Intrapersonal determinants
- Self-efficacy
Self-efficacy is defined as the degree to which an individual feels confident and capable of performing certain behaviour in a specific situational context5. The RP model proposes that at the cessation of a habit, a client feels self-efficacious with regard to the unwanted behaviour and that this perception of self-efficacy stems from learned and practiced skills. The relationship between self-efficacy and relapse is possibly bidirectional, meaning that individuals who are more successful report greater self-efficacy and individuals who have lapsed report lower self-efficacy.
- Outcome Expectancies
Outcome expectancies can be defined as an individual's anticipation or belief of the effects of a behaviour on future experience. The expected drug effects do not necessarily correspond with the actual effects experienced after consumption. Both negative and positive expectancies are related to relapse, with negative expectancies being protective against relapse and positive expectancies being a risk factor for relapse. Those who drink the most tend to have higher expectations regarding the positive effects of alcohol9. In high-risk situations, the person expects alcohol to help him or her cope with negative emotions or conflict (e.g., when drinking serves as “self-medication”). Expectancies are the result of both direct and indirect (e.g., perception of the drug from peers and media) experiences.
- Emotional States
According to this affective model of drug motivation, excessive substance use is motivated by affective regulation, both positive and negative. Studies with alcohol-dependent patients have shown that on-going depression increases the risk of relapse during and after treatment, and sudden increases in negative affect have been shown to immediately precede nicotine relapse. In one study, alcoholic beverage presentation and negative affect imagery led to increased subjective reporting of desire to drink and predicted time to relapse after inpatient discharge. Negative mood states associated with relapse include anger, loneliness, boredom, fatigue (Daley et al., 2011).
- Craving
Craving has been described as a cognitive experience focused on the desire to use a substance and is often related to the expectancies for the desired effect of the drug, whereas urge has been defined as the behavioural intention to use a substance. Craving can be aroused either by interoceptive or exteroceptive cues, environmental situations associated with prior heavy drinking, or with the psychological and physical effects of prior withdrawal experiences. While craving may initiate drinking, relapse is facilitated through the complementary phenomenon of loss of control, a behavioural state characterized by the relative inability to respond to either internal or external cues which regulate alcohol consumption.
- Interpersonal determinants
Positive social support is highly predictive of long-term abstinence rates across several addictive behaviours.
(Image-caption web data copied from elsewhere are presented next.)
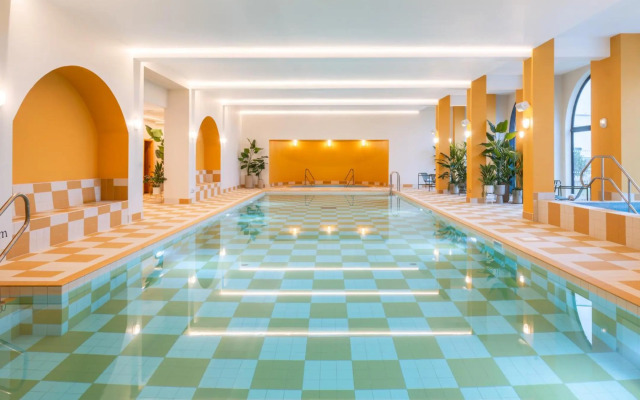 Sands Resort Hotel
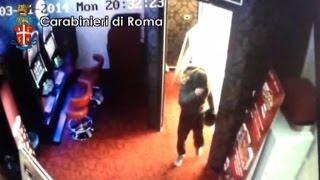 Rapinano la sala slot del centro commerciale "Roma Est": presi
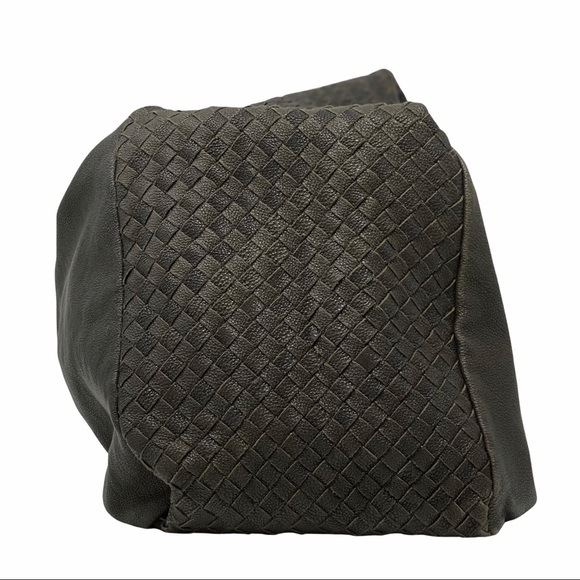 Bottega Veneta Intreciatto Knot Hobo Bag - Picture 4 of 10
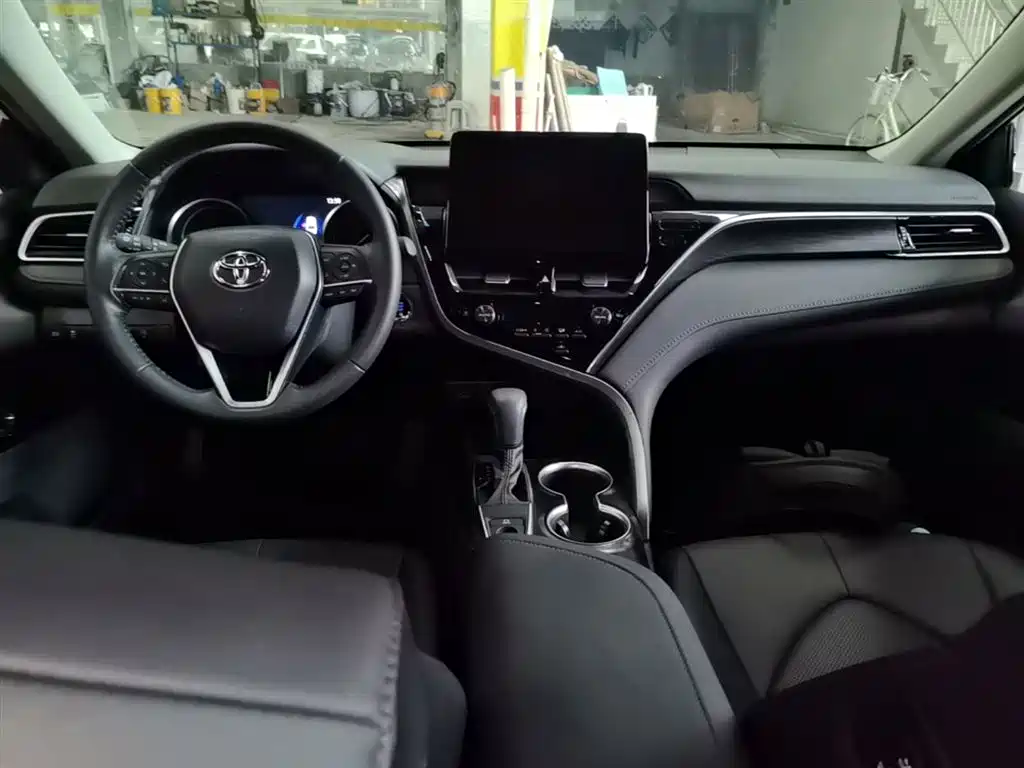 Toyota Camry 2021 2.0G Luxury Edition фото 10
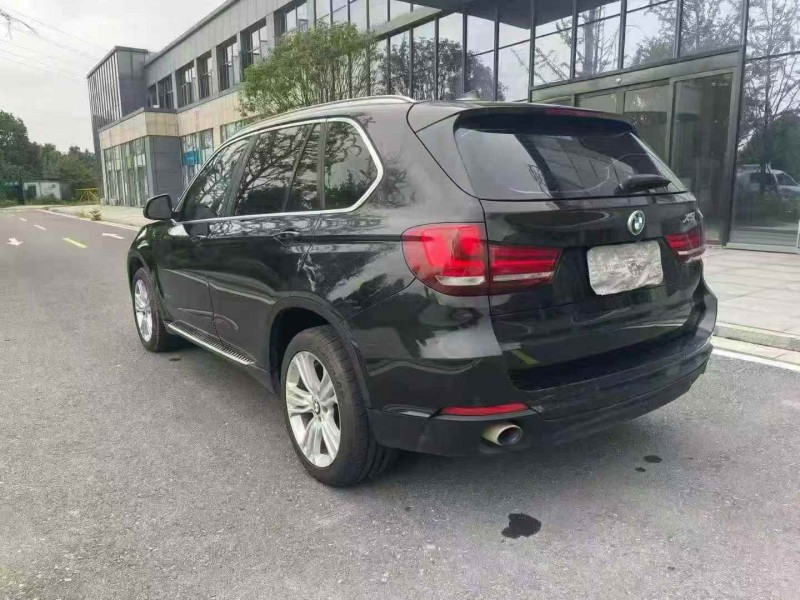 烟台15年宝马X57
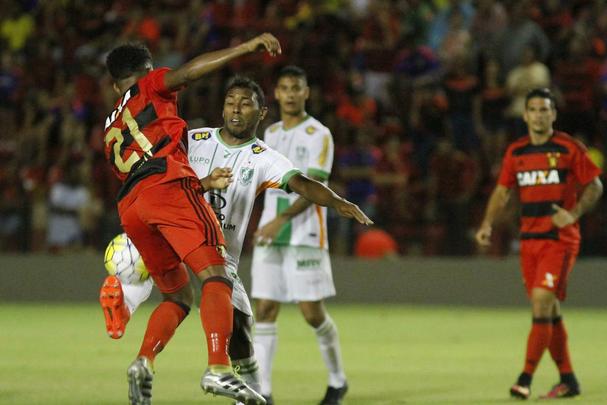 A torcida rubro-negra que compareceu em bom número ao estádio não esperava tamanha dificuldade encontrada pelo Leão na partida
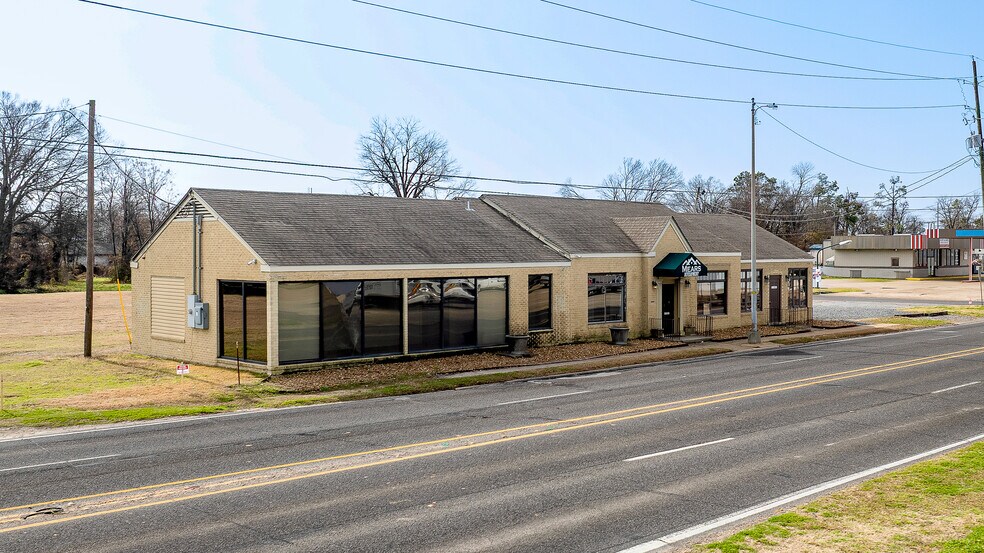 More Photos Of 1000 Louisville Ave, Monroe Office For Sale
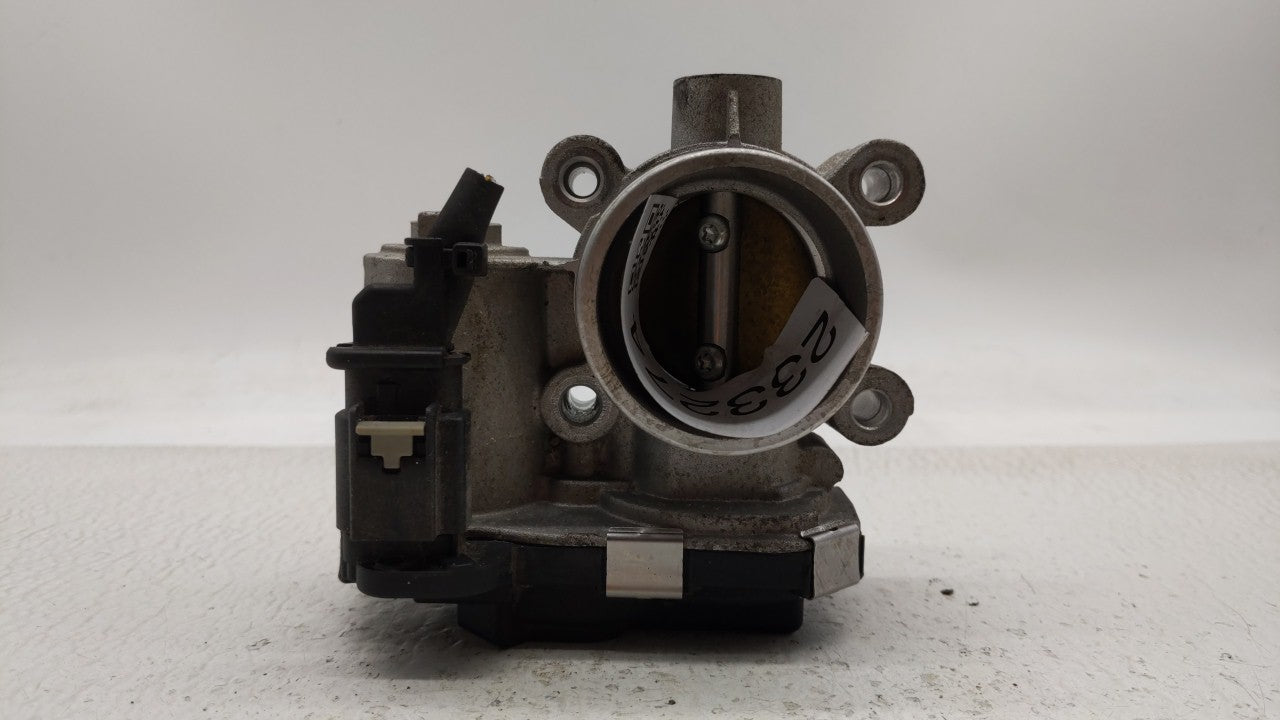 2017-2018 Chevrolet Cruze Throttle Body P/N:12671379AA Fits Fits 2017 2018 OEM Used Auto Parts - Oemusedautoparts1.com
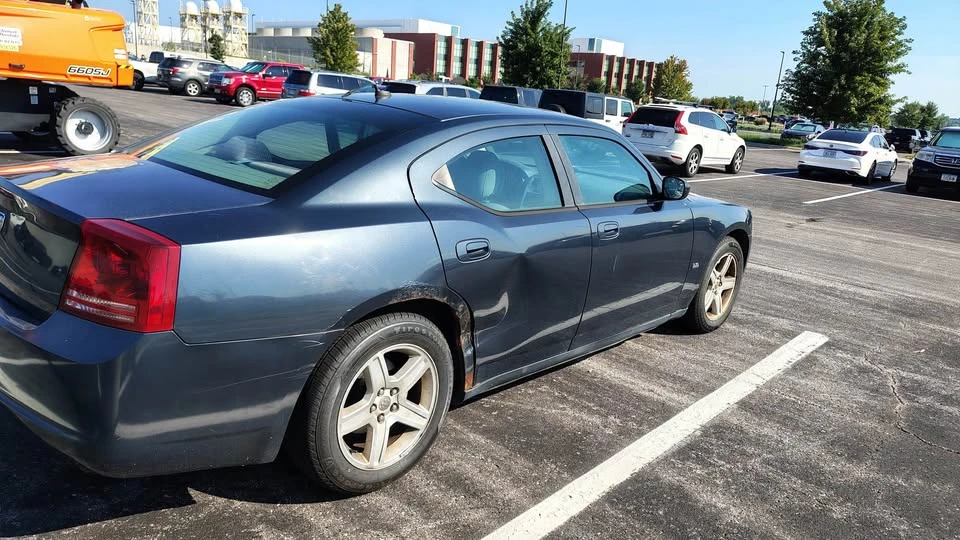 2008 Dodge Charger 6th Gen - Image 2 of 12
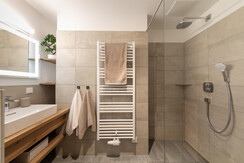Badezimmer mit Waschtisch und Regendusche
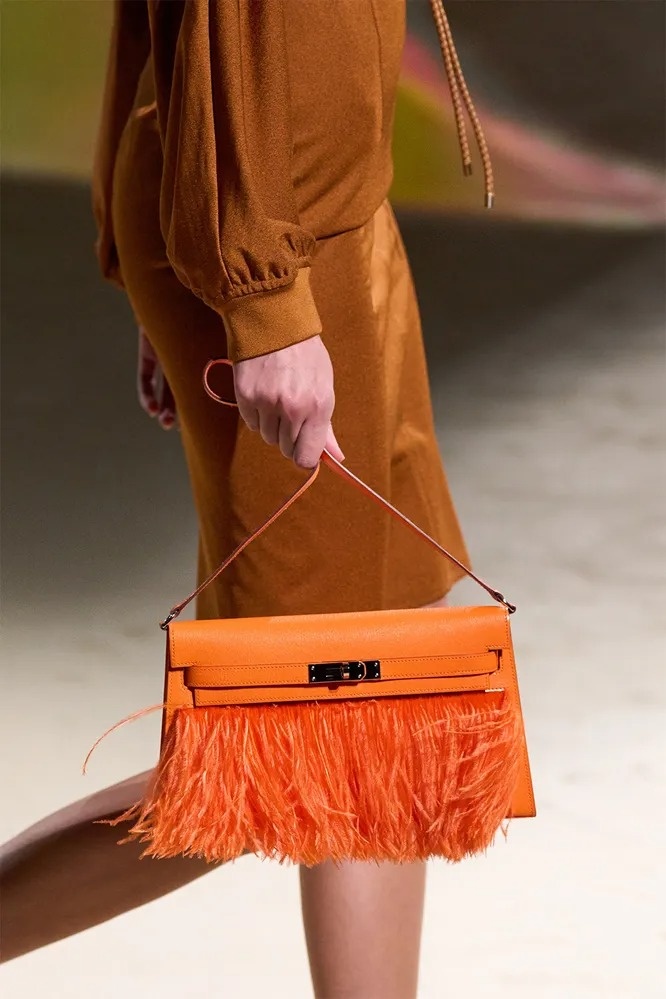 HERMÈS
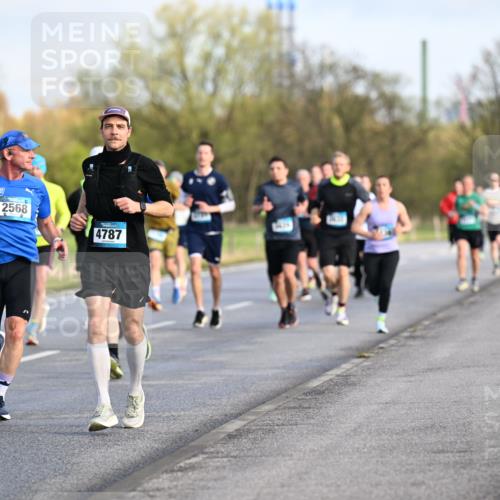 12.04.2026 - 45. Internationalen Wilhelmsburger Insellauf Dr. Thomas Lammeyer http://msf.ph/oto/9432736 12.04.2026 09:15:53 Laufen 2568, 4787 meine-sportfotos.de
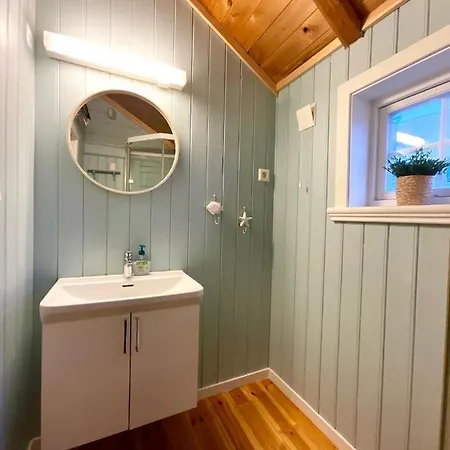 The Blacksmith's Place - Cozy Rorbu In Lofoten Chalet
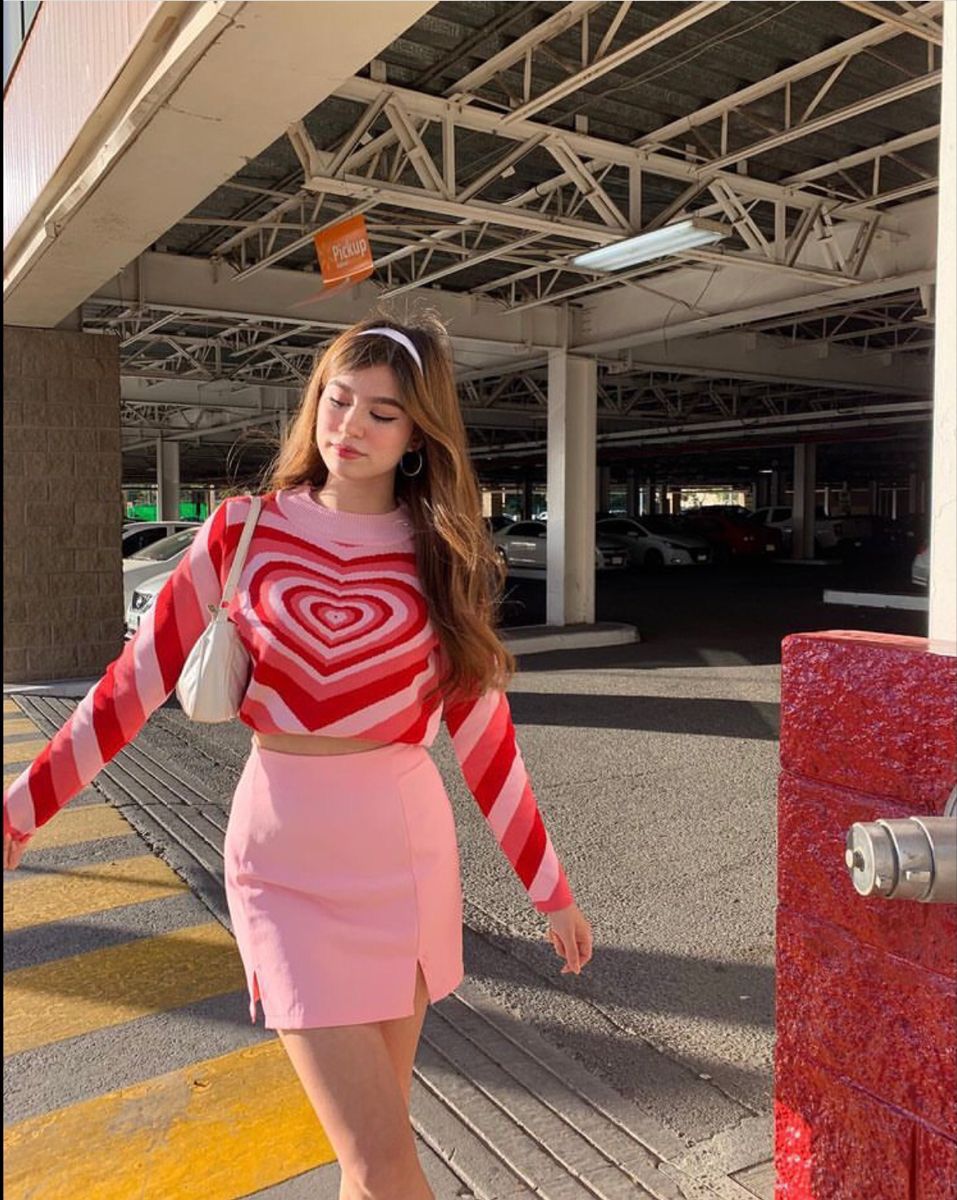 Infinity Heart Pullover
Among social variables, the degree of social support available from the most supportive person in the network may be the best predictor of reducing drinking, and the number of supportive relationships also strongly predicts abstinence. Further, the more non-drinking friends a person with an AUD has, the better outcomes tend to be. Negative social support in the form of interpersonal conflict and social pressure to use substances has been related to an increased risk for relapse. Social pressure may be experienced directly, such as peers trying to convince a person to use, or indirectly through modelling (e.g. a friend ordering a drink at dinner) and/or cue exposure.
While many families can find addiction difficult to deal with, negative family behaviours such as withdrawing from a family member with a substance use disorder or avoiding dealing with the substance use is actually associated with more drinking. In addition to familial, marital, friend, and co-worker relations, research also suggests that community-based support services, such as recovery communities, enhance outcomes for those struggling with cessation once treatment has been completed.
References
Daley, D.C., Marlatt. G. A., & Douaihy, A. (2011). Relapse Prevention. Lowinson and Ruiz’s Substance Abuse.